Species of gastropod

Turris wynoocheensis is an extinct species of sea snail, a marine gastropod mollusk in the family Turridae, the turrids.

==Description==
The length of the shell attains 23 mm, the spire 11 mm. The maximum diameter of the shell is 8 mm.

(Original description) The small and solid shell contains five and one-half whorls, each of which is sharply angulated. The spire has about same length as the body of whorl. The body whorl is sculptured with nine distinct revolving ribs below the angle and within the interspaces there is a fine revolving thread. Between the last upper revolving rib and the angulated portion of the whorl there are five closely set very inconspicuous revolving threads . Between the angle and suture there are ten similar lines.
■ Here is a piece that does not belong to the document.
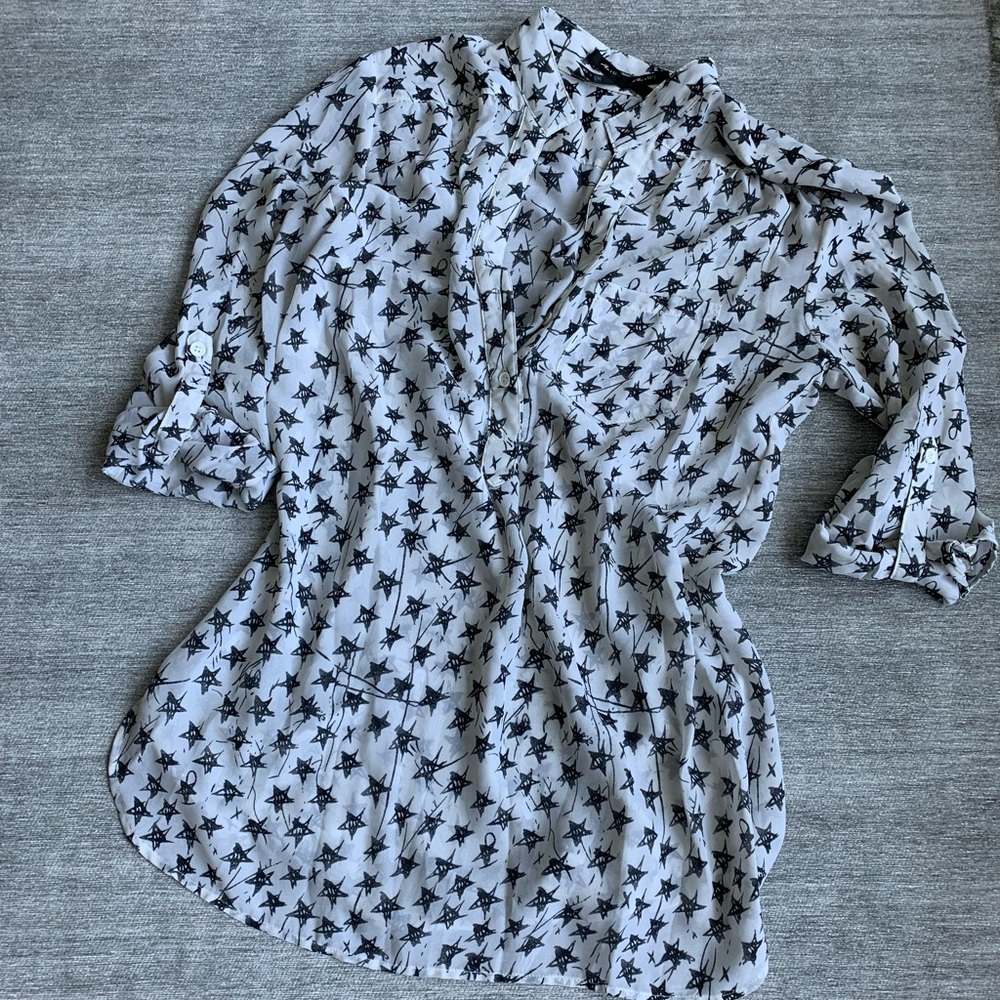 Gray and white star tunic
This ornamentation is crossed by numerous closely set lines of growth which conform
to the slightly developed posterior sinus. On the angle of each whorl there are thirteen prominent nodes which disappear above and below. The aperture is moderately wide. The outer lip is sharp. The inner lip is slightly callused. The siphonal canal is slightly extended with a well defined sinus at the end. The upper margin of each whorl is developed into a collar which partly covers the suture. The angle of the body whorl is very close to the suture.

==Distribution==
Fossils of this marine species were found in Oligocene strata in Washington, USA.